BEGIN DATA PROVIDED
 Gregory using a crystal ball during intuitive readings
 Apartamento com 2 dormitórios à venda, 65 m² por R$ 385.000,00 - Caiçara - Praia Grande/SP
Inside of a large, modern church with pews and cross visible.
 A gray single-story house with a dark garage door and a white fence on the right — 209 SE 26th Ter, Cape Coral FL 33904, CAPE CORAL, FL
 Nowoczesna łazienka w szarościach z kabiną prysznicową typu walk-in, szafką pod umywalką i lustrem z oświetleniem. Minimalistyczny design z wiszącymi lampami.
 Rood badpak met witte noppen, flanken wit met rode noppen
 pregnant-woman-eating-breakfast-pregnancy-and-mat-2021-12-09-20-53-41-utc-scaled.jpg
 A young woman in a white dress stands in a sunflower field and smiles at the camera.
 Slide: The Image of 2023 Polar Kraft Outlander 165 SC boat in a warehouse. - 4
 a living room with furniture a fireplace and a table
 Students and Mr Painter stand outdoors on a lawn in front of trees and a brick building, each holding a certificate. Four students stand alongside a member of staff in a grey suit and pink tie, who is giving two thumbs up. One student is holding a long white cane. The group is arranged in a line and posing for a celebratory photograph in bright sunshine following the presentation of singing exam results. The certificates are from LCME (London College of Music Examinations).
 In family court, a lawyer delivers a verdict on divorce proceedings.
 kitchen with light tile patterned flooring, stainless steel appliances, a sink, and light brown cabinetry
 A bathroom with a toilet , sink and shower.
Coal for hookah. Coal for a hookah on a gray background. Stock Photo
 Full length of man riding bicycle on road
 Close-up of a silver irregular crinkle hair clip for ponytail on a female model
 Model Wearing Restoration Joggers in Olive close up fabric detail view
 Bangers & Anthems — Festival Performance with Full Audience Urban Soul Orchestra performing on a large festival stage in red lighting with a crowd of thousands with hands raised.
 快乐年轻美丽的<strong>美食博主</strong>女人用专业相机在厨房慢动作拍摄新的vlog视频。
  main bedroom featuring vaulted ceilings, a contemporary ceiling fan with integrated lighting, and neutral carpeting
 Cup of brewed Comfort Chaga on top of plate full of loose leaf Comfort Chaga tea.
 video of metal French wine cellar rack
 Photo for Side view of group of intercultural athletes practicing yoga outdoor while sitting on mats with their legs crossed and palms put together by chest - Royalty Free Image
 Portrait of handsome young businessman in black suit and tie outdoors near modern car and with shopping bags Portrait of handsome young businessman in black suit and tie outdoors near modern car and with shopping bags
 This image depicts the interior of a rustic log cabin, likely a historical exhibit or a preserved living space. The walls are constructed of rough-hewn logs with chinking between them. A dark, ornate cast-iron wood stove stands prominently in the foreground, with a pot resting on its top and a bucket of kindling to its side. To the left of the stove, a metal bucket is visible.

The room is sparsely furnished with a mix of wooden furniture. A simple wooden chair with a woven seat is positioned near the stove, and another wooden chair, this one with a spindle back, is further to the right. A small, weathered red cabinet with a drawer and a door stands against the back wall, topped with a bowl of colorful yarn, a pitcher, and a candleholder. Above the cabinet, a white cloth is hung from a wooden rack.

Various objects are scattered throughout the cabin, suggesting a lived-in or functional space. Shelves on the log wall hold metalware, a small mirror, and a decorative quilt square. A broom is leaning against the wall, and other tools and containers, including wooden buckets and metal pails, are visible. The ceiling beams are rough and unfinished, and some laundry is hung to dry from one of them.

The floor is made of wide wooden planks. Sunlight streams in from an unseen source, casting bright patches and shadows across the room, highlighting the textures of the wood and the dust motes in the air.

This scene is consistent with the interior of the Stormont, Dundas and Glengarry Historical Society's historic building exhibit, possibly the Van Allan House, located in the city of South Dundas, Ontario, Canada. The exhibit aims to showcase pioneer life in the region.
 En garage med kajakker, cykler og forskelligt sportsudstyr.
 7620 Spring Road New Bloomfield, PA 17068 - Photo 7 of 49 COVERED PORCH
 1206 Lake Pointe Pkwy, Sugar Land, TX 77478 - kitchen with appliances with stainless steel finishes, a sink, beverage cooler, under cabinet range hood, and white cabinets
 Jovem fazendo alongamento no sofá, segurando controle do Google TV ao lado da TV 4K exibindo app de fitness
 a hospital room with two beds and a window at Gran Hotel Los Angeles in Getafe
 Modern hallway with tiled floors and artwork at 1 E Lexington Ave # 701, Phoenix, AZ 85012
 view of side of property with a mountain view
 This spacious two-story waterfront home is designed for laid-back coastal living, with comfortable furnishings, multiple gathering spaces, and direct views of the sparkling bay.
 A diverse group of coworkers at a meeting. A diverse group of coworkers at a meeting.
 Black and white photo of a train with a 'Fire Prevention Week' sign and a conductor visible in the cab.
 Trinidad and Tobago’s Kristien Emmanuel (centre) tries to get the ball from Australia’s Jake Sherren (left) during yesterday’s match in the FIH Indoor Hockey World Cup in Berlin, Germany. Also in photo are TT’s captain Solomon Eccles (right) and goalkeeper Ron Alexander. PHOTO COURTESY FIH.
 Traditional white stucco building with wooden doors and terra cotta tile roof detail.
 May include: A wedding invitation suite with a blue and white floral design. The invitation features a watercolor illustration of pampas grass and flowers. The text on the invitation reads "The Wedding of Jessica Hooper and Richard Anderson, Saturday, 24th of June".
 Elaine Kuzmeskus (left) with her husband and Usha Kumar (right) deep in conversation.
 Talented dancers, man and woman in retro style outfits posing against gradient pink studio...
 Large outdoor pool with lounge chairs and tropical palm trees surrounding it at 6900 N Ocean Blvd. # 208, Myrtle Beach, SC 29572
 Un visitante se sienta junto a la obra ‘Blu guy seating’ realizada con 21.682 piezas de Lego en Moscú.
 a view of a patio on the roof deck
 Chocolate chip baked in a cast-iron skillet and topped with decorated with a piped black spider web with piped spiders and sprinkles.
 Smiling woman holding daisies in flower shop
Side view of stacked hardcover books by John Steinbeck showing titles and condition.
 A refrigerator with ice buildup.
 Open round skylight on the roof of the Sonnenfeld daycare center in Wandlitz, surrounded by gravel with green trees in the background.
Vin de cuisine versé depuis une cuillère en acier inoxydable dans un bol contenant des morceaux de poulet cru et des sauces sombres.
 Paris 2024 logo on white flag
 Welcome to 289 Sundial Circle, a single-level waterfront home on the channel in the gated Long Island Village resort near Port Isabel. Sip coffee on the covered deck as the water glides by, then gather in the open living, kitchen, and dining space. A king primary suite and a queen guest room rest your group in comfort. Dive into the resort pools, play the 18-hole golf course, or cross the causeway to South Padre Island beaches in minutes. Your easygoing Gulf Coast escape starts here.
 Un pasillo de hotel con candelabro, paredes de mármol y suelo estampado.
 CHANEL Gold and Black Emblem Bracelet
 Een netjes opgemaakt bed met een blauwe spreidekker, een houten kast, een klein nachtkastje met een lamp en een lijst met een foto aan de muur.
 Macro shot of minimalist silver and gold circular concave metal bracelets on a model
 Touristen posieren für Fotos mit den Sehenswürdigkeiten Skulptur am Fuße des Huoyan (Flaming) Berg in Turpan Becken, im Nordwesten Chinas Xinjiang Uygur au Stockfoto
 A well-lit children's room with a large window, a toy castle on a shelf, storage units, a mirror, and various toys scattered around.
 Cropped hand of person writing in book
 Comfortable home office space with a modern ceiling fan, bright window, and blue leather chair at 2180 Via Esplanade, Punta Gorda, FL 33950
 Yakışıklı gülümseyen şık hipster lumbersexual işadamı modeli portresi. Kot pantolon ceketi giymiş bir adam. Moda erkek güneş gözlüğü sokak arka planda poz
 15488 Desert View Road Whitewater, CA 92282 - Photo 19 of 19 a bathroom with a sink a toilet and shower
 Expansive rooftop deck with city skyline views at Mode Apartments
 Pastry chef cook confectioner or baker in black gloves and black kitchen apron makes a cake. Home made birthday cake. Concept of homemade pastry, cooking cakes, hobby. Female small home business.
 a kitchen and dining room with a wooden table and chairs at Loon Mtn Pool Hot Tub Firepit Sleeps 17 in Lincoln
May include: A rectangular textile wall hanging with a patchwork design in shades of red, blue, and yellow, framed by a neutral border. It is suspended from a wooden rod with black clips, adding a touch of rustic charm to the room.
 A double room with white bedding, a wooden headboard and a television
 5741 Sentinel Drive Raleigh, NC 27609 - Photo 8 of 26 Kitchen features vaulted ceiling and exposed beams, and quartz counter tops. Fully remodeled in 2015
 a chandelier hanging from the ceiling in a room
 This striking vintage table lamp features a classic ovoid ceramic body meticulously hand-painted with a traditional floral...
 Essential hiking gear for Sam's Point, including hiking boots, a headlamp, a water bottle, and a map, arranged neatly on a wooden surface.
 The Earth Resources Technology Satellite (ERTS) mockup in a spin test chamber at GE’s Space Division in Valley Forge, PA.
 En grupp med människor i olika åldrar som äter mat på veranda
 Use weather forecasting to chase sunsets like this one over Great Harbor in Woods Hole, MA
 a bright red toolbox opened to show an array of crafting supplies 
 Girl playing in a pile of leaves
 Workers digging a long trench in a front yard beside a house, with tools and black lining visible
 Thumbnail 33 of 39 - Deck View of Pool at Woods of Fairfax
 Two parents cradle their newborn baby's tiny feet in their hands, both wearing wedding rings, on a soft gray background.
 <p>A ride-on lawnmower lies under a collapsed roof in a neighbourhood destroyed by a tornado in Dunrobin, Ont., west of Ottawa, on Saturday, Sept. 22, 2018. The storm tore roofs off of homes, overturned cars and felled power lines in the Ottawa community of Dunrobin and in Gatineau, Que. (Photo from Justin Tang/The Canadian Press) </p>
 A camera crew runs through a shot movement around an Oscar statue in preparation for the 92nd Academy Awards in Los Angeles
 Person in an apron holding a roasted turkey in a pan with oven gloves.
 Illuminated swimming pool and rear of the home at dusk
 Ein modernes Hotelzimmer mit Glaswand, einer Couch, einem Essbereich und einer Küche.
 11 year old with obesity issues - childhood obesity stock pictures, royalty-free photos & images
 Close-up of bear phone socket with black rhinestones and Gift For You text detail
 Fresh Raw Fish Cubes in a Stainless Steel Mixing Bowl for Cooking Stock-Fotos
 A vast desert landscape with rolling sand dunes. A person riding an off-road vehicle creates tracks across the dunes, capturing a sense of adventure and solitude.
END DATA PROVIDED
=== HOW TO COMPLETE THIS TASK ===
For the lines above, output exactly those from the line containing "Open round skylight" through the line containing "Expansive rooftop deck", and skip the others.

=== WRITTEN RESPONSE ===
 Open round skylight on the roof of the Sonnenfeld daycare center in Wandlitz, surrounded by gravel with green trees in the background.
Vin de cuisine versé depuis une cuillère en acier inoxydable dans un bol contenant des morceaux de poulet cru et des sauces sombres.
 Paris 2024 logo on white flag
 Welcome to 289 Sundial Circle, a single-level waterfront home on the channel in the gated Long Island Village resort near Port Isabel. Sip coffee on the covered deck as the water glides by, then gather in the open living, kitchen, and dining space. A king primary suite and a queen guest room rest your group in comfort. Dive into the resort pools, play the 18-hole golf course, or cross the causeway to South Padre Island beaches in minutes. Your easygoing Gulf Coast escape starts here.
 Un pasillo de hotel con candelabro, paredes de mármol y suelo estampado.
 CHANEL Gold and Black Emblem Bracelet
 Een netjes opgemaakt bed met een blauwe spreidekker, een houten kast, een klein nachtkastje met een lamp en een lijst met een foto aan de muur.
 Macro shot of minimalist silver and gold circular concave metal bracelets on a model
 Touristen posieren für Fotos mit den Sehenswürdigkeiten Skulptur am Fuße des Huoyan (Flaming) Berg in Turpan Becken, im Nordwesten Chinas Xinjiang Uygur au Stockfoto
 A well-lit children's room with a large window, a toy castle on a shelf, storage units, a mirror, and various toys scattered around.
 Cropped hand of person writing in book
 Comfortable home office space with a modern ceiling fan, bright window, and blue leather chair at 2180 Via Esplanade, Punta Gorda, FL 33950
 Yakışıklı gülümseyen şık hipster lumbersexual işadamı modeli portresi. Kot pantolon ceketi giymiş bir adam. Moda erkek güneş gözlüğü sokak arka planda poz
 15488 Desert View Road Whitewater, CA 92282 - Photo 19 of 19 a bathroom with a sink a toilet and shower
 Expansive rooftop deck with city skyline views at Mode Apartments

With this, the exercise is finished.